The first part of Table 2 provides estimates of effective tax rates for electric generation capital. Under current law, solar thermal and wind capital are subsidized to the greatest extent, with effective subsidy rates of 245 and 164 percent, respectively.[5] Nuclear power is also heavily subsidized, with a subsidy rate of nearly 100 percent. The effective tax rates for coal and gas are substantially higher than they are for nuclear or renewables. Integrated gasification combined-cycle (IGCC) capital is subsidized, while pulverized coal (PC) capital faces a positive tax. The major difference here is the 20 percent investment tax credit for new IGCC investments.
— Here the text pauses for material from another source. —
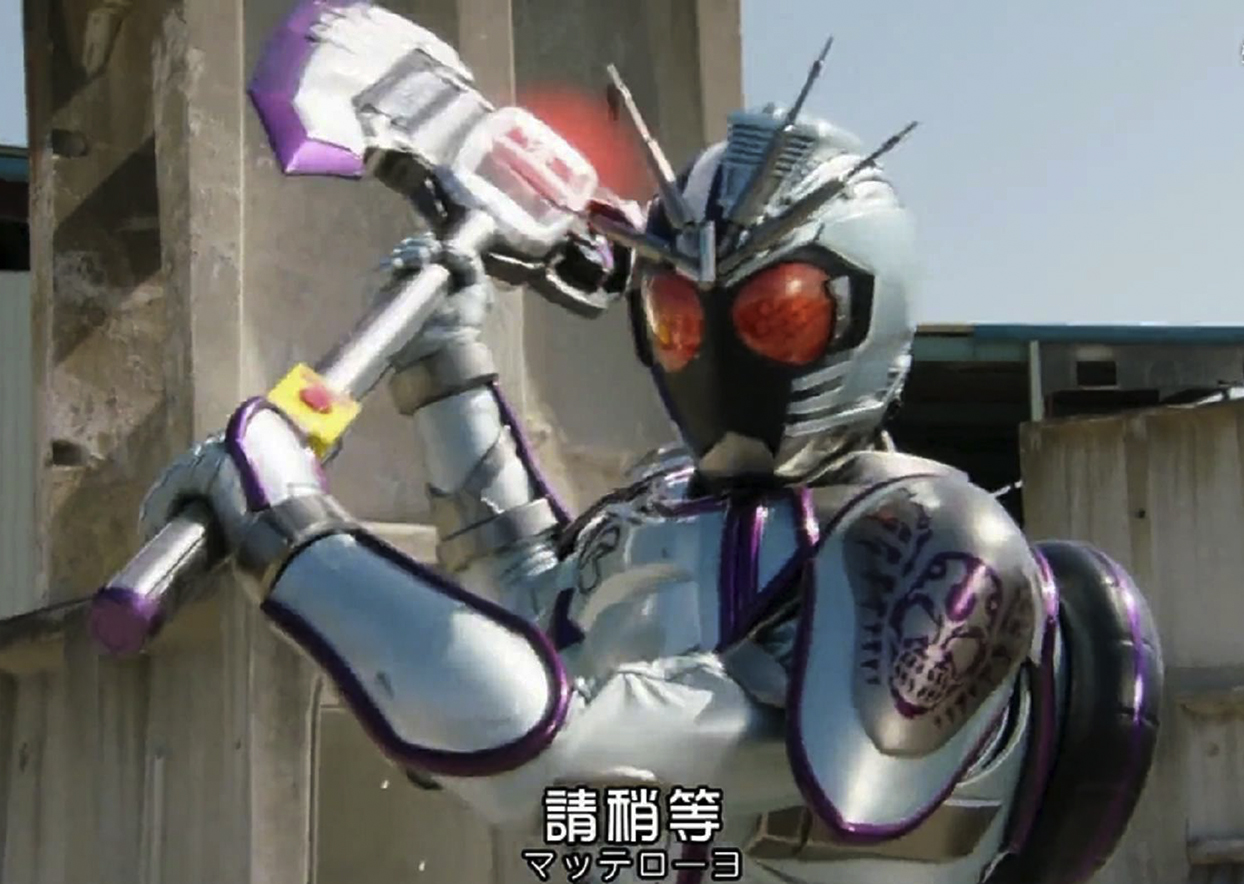 提起假面骑士系列中能够斩断腰带的道具,信号斧无疑就是其中的一个.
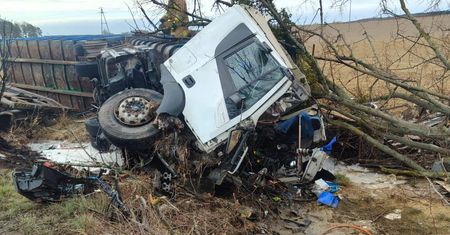 Poważny wypadek na Pomorzu. Ciężarówka stanęła w płomieniach, kierowcę uwalniali strażacy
Finally, PC and natural-gas combined-cycle plants face an effective tax rate very close to the statutory tax rate (39.3 percent, accounting for both state and federal taxes).

The next two columns in Table 2 indicate the impact on effective tax rates of removing the production and investment tax credits (column 2) and replacing accelerated depreciation with economic depreciation.[6] The production or investment tax credits are the most significant source of subsidy—as evidenced by the size of the change in the effective tax rate when the credits are removed. The effective tax rate for wind, for example, rises from -164 percent to -14 percent if economic depreciation replaces accelerated depreciation, while it rises to +13 percent if the production tax credit is eliminated. With economic depreciation and no production or investment tax credits, the effective tax rate in all cases equals the statutory tax rate of 39.3 percent.

The effective-tax-rate methodology can be used for other types of energy capital. In the electric-utility section, I also construct effective tax rates for transmission and distribution. Transmission lives are allowed a fifteen-year recovery period, while distribution lines are allowed a twenty-year recovery period. The former face an effective tax rate modestly lower than the statutory rate, while the latter receive very little in the form of a subsidy.

Effective tax rates in the petroleum sector depend in large part on whether the firms taking the credits are integrated or nonintegrated (independent) firms. Independent firms benefit from full expensing of their intangible drilling costs, while the integrated firms can expense only 70 percent of their IDCs and must write off the rest over a five- year period. In addition, the independents are allowed to take percentage depletion, while the integrated firms must use cost depletion.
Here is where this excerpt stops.